Tuesday, May 9, 2017

Investing Principles of Warren Buffet -II

MEET MR. MARKET—YOUR SERVANT, NOT YOUR GUIDE

“Mr. Market” was a character invented by Ben Graham to illuminate his students’ minds regarding market behavior. The stock market should be viewed as an emotionally disturbed business partner, Graham said.39 This partner, Mr. Market, shows up each day offering a price at which he will buy your share of the business or sell you his share. No matter how wild his offer is or how often you reject it, Mr. Market returns with a new offer the next day and each day thereafter. Buffett says the moral of the story is this: Mr. Market is your servant, not your guide.

In March 1989, as the stock market soared, Buffett wrote:
“We have no idea how long the excesses will last, nor do we know what will change the attitudes of the government, lender, and buyer that fuel them. But we know that the less prudence with which others conduct their affairs, the greater the prudence with which we should conduct our own affairs.”                                                                      

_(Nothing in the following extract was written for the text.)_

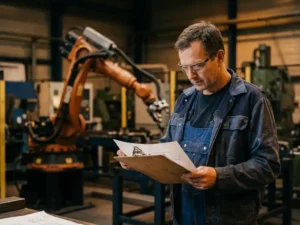 Mannelijke ingenieur in blauwe overall bestudeert technische schema's, robotarm actief op fabrieksvloer op de achtergrond.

“When I worked for Graham-Newman, I asked Ben Graham, who then was my boss, about that. He just shrugged and replied that the market always eventually does. He was right: In the short run, [the market is] a voting machine; in the long run, it’s a weighing machine.”
                                                                        


“The fact that people will be full of greed, fear, or folly is predictable. The sequence is not predictable.”                                                                        


“The market, like the Lord, helps those who help themselves.”


IGNORE MR. MARKET’S MOODS

Warren Buffet Wrote:

“Charlie and I never have an opinion on the market because it wouldn’t be any good and it might interfere with the opinions we have that are good.”


                                                                         


“The market is there only as a reference point to see if anybody is offering to do anything foolish. When we invest in stocks, we invest in businesses.”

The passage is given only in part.